The production wells may be shut-in or may continue to produce during the shut-in period of the injection wells, subject to the constraint that the pressure at the displacement front is maintained above the minimum miscibility pressure. This may be insured by injecting the solvent at injected rates above those required for voidage displacement before shut-in.
In preferred embodiments, only a limited volume of the conditionally miscible fluid will be used and a change will be made of injection of a cheaper chase fluid such as natural gas, flue gas or nitrogen or their mixtures. When such preferred embodiments are used, slugs of mixtures of the conditionally miscible fluid and the chase fluid will be injected, with shut-in periods between slugs to aid in the maintenance of a uniform displacement front.

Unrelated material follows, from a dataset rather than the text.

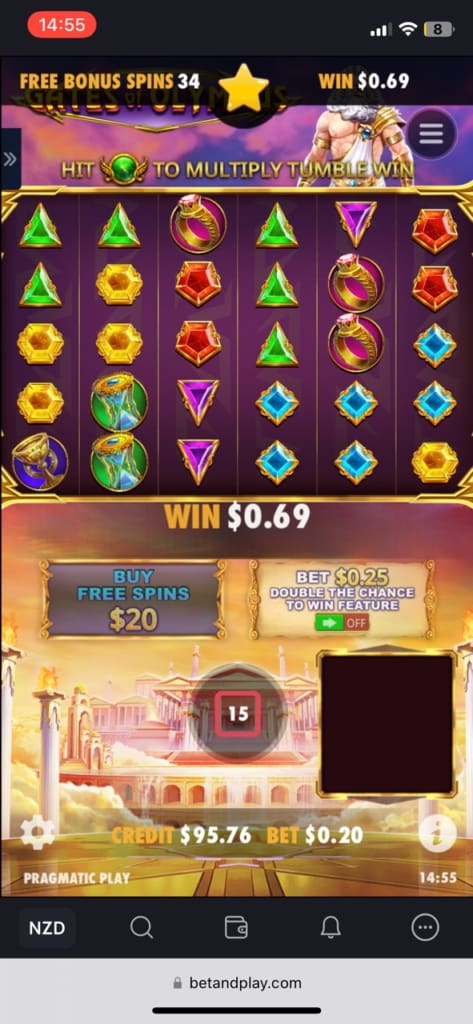 BetandPlay Games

In order to facilitate the spreading of the injected solvent throughout the oil zone and also to decrease the time that it takes to inject the solvent, it is usually desirable to use a maximum number of wells for solvent injection purposes. A suitable way to do this is to utilize all available wells for solvent injection purposes, whether they are injectors, producers or observation wells in normal operations and irrespective of whether they are drilled vertically or horizontally. If a well is normally used as a producer, it can be recompleted dually; or by using the appropriate equipment so that the upper part of the oil zone is used for solvent injection, while the well could be continue to produce from the lower part of the oil zone or the converse.
Once placement of the solvent has been achieved in the designed manner, the wells can be converted into conventional producers, injectors or observation wells. The use of the maximum number of wells whether drilled vertically or horizontally for solvent injection is especially important in vertical miscible displacement processes.